About this task
Below is a listing from which only part is wanted; return exactly the lines from the one with "Saint Laurent Paris" up to and including the one with "Clean Drink BCAA Ananas/Mango 33cl".

Input records
----

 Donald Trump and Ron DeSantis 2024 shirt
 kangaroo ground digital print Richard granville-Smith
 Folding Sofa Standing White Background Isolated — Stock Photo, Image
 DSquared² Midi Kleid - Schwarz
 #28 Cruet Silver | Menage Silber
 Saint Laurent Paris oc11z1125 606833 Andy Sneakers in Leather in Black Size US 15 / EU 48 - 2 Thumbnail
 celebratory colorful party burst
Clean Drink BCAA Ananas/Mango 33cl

----

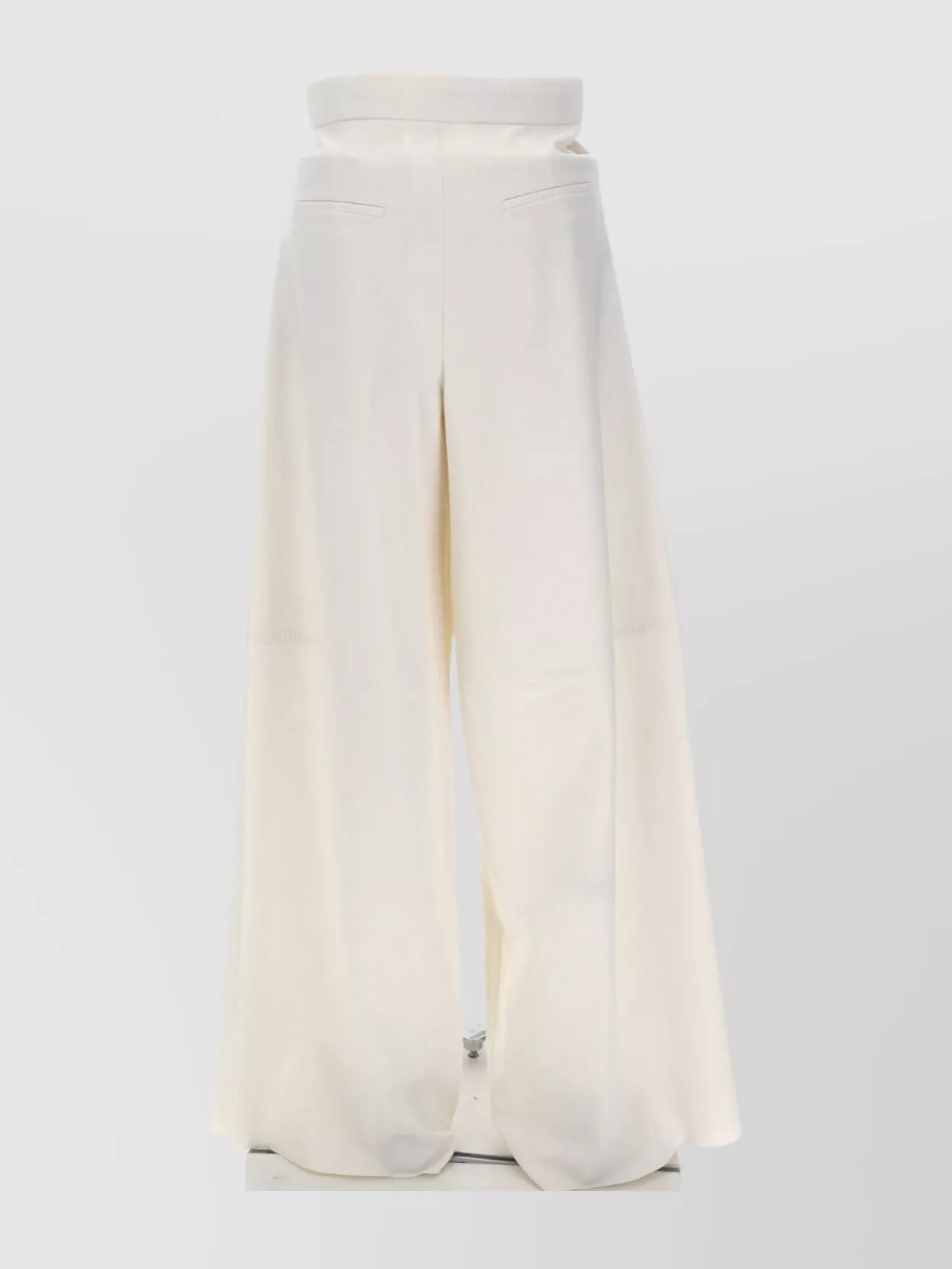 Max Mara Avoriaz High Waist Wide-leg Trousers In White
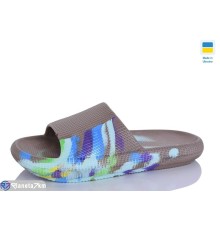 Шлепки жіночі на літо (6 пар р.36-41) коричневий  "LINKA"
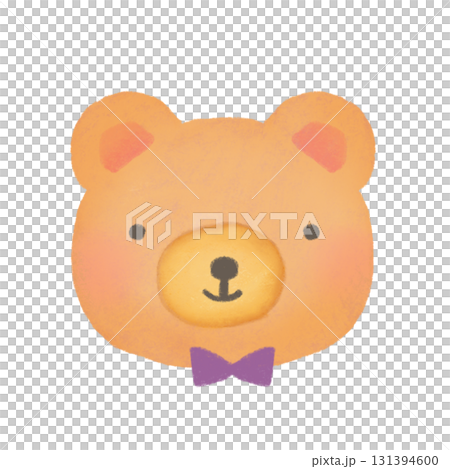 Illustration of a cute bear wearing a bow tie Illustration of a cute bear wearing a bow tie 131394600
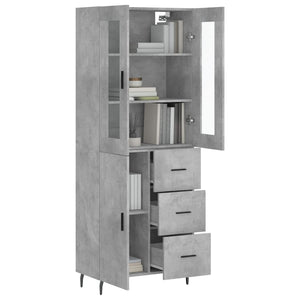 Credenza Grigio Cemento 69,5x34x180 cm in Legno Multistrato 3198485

----

Written reply
 Saint Laurent Paris oc11z1125 606833 Andy Sneakers in Leather in Black Size US 15 / EU 48 - 2 Thumbnail
 celebratory colorful party burst
Clean Drink BCAA Ananas/Mango 33cl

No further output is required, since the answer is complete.